Because of that "concept-linkage," then at base the "hero-concept" and the "villain-concept" are intertwined so that one implies the other. Thus the "heroic idiom" includes all those narratives that center upon either a plerotic hero or a plerotic villain as the narrative's focal presence, and the same symmetry applies to "the superhero idiom." My aforementioned list of a "top 20 live-action superhero movies" included one such villain-centered narrative, the 1932 MASK OF FU MANCHU.
Had I been seeking to list twenty live-action films with a hero or villain with no "super" elements, then I might have listed heroic Harry Callahan alongside the equally obsessed-- but negative-toned-- Jack Carter from 1971's GET CARTER.

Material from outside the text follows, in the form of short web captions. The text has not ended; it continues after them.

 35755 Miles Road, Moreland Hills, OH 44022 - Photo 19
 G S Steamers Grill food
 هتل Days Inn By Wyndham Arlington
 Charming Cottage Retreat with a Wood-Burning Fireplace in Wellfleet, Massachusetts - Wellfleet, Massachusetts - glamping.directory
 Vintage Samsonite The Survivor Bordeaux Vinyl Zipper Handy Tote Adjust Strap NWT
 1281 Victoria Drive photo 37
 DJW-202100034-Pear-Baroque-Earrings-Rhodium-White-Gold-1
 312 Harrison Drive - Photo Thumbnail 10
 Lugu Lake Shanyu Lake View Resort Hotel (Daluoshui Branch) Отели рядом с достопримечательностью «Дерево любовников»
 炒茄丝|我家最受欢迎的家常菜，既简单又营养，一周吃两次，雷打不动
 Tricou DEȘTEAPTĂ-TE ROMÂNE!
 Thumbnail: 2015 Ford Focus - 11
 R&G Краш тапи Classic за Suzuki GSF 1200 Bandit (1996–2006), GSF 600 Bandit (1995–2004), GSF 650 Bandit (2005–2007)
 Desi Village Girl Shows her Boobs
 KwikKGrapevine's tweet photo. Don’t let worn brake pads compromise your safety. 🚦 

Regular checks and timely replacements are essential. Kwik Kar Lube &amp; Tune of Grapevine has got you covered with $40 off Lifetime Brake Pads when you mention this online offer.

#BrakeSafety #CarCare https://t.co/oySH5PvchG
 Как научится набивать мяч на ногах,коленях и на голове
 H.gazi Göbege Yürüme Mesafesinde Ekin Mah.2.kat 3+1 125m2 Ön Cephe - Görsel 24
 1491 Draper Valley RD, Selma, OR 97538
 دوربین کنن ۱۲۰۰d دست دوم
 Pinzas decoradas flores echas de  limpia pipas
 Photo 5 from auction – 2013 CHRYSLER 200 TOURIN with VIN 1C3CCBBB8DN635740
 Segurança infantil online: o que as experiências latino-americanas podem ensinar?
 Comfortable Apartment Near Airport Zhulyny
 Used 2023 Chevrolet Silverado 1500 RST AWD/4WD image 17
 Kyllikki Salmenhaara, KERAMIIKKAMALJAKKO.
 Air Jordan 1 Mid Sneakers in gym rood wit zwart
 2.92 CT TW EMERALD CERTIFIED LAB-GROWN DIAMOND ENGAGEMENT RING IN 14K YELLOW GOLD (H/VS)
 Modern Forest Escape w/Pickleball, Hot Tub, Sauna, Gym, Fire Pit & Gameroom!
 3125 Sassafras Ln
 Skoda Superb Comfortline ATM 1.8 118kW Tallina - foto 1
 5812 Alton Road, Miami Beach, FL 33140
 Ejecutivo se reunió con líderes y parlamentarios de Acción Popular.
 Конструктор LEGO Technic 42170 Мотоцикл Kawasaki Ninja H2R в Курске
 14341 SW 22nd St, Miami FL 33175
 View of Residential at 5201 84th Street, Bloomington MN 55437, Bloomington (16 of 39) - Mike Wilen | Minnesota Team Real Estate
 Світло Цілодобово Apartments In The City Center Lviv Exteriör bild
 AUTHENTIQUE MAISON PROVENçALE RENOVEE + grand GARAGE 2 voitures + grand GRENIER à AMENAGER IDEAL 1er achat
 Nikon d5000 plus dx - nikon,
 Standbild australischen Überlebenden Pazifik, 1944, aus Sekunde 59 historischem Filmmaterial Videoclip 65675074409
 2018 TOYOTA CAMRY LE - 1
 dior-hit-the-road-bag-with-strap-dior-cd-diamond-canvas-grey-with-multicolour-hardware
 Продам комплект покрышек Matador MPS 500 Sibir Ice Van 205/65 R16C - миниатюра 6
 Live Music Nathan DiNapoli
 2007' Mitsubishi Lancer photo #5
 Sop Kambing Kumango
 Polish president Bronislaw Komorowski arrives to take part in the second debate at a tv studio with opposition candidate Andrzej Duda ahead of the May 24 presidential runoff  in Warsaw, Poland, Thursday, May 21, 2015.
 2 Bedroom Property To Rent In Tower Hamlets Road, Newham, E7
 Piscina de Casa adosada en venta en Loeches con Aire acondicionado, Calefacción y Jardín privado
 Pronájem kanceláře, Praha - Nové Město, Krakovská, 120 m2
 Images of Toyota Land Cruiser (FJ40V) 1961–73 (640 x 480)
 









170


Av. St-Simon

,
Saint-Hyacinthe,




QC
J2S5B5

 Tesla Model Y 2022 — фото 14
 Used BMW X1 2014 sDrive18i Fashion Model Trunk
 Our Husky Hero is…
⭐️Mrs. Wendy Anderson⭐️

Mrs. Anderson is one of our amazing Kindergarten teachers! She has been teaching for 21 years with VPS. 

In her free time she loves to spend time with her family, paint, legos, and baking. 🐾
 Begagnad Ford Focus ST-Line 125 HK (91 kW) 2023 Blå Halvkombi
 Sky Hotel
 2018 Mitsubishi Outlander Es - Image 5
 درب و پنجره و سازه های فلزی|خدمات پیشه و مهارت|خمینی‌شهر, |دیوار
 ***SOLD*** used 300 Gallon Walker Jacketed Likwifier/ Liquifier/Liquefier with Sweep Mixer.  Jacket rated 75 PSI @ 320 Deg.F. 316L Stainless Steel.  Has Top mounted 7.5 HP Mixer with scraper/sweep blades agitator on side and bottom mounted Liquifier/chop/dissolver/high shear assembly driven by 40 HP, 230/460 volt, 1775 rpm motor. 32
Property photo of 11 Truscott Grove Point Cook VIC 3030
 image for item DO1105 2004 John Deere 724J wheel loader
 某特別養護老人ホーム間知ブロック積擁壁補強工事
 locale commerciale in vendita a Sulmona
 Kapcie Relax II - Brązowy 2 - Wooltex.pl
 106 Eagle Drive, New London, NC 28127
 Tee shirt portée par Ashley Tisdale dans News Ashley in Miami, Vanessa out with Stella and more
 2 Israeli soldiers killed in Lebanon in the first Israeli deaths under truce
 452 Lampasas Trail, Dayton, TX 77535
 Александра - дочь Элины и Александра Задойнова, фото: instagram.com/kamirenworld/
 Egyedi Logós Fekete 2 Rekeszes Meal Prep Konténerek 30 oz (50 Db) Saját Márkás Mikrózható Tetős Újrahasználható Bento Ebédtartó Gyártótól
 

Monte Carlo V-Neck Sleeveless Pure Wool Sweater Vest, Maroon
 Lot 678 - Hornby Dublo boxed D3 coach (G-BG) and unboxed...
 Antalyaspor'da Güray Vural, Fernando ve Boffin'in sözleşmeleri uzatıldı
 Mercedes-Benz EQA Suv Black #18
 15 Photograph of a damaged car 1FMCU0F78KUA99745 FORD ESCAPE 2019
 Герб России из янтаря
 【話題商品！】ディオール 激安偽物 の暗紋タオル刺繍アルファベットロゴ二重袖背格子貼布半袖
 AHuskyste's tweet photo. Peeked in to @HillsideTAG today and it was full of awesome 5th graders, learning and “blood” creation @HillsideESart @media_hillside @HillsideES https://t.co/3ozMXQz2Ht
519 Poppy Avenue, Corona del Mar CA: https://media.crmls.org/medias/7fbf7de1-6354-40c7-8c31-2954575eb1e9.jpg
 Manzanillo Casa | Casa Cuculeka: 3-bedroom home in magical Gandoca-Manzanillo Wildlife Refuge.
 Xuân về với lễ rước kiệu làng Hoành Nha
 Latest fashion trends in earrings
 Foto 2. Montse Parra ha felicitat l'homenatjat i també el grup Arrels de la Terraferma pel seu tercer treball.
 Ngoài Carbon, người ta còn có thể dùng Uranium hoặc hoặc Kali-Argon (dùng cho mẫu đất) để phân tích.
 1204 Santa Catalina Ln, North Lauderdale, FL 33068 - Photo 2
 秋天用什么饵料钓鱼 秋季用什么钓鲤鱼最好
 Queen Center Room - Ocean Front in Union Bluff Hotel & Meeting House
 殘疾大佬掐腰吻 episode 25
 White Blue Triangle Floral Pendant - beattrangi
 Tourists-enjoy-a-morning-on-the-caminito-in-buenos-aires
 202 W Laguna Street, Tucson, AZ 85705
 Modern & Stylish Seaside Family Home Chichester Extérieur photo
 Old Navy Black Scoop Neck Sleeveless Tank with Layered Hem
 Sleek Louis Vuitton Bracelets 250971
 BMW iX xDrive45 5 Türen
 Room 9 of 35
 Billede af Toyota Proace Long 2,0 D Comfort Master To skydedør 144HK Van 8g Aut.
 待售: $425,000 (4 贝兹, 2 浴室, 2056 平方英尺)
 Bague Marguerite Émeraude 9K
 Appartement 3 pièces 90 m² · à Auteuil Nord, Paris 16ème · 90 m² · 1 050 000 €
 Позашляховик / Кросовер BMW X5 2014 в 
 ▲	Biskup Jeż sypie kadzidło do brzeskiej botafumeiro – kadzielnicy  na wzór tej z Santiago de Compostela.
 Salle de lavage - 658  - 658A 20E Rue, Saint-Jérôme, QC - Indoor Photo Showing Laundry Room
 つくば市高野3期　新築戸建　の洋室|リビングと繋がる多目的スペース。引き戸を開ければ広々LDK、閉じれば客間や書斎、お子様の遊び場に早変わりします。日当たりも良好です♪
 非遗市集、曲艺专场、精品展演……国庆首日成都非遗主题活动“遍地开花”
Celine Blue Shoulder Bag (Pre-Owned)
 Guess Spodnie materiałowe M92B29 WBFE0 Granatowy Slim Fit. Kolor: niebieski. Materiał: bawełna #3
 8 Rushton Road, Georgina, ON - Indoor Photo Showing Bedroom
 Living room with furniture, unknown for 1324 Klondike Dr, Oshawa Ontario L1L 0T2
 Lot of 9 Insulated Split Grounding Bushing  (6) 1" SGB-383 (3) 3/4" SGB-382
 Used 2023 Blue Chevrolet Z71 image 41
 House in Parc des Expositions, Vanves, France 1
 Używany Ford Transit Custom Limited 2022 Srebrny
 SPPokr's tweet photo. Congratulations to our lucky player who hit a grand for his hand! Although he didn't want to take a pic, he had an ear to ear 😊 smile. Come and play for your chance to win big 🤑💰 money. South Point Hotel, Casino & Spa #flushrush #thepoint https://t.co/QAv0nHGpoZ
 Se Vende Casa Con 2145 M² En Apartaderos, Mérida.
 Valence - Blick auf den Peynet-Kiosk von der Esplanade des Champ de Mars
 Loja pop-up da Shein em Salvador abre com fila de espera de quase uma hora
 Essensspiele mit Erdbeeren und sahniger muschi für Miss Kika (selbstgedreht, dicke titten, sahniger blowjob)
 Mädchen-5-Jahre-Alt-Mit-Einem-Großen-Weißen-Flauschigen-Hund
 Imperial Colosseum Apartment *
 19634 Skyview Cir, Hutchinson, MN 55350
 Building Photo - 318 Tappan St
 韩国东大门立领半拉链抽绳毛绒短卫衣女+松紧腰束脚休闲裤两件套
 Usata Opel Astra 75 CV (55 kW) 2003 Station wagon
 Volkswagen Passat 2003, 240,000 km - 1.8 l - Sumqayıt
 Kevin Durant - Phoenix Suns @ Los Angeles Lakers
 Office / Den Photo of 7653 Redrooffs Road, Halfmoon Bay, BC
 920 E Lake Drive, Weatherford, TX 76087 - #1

Thus the one commonality of all narratives within the superhero idiom is that its focal presence must be either a "superhero-like" figure or a "supervillain-like" figure. This figure may belong to the "demotic group" commonly linked to the "superhero genre," which obviously includes figures like Batman and the Joker. But it could also include types from other genres and other mythoi cognate with the superhero idiom. Heroes like Harry Potter (drama mythos), Marshal Law (irony mythos), and Ranma Saotime (comedy mythos) would thus rub shoulders with Felonious Gru (comedy mythos) and that threesome I like to call "the Bitchy Trio" (irony mythos).
In contrast, however, narratives featuring focal presences who conform to either the "monster" or 'demihero" personas do not belong within the superhero idiom. This is fairly obvious with assorted monsters who have sometimes enacted deeds associated with superheroes-- King Kong, Godzilla, Gamera-- but who remain apart by virtue of their monstrous nature in a way that types like the Hulk and the Thing do not. It may not be so obvious-- though it is no less true-- of the demihero, since many of them are often seen as indistinguishable from the hero-concept. I won't repeat my arguments for this category here, but will only note that most of Philip K. Dick's protagonists are unabashed demiheroes. Interestingly, many of them retain this character when translated to combative films, as occured with both Rick Deckard in BLADE RUNNER and "Michael Jennings" in PAYCHECK. However, as if to prove that it's not impossible to make a heroic purse out of a demihero's ear, one may regard the cinematic transformation of Dick's "Douglas Quail" into "Douglas Quaid."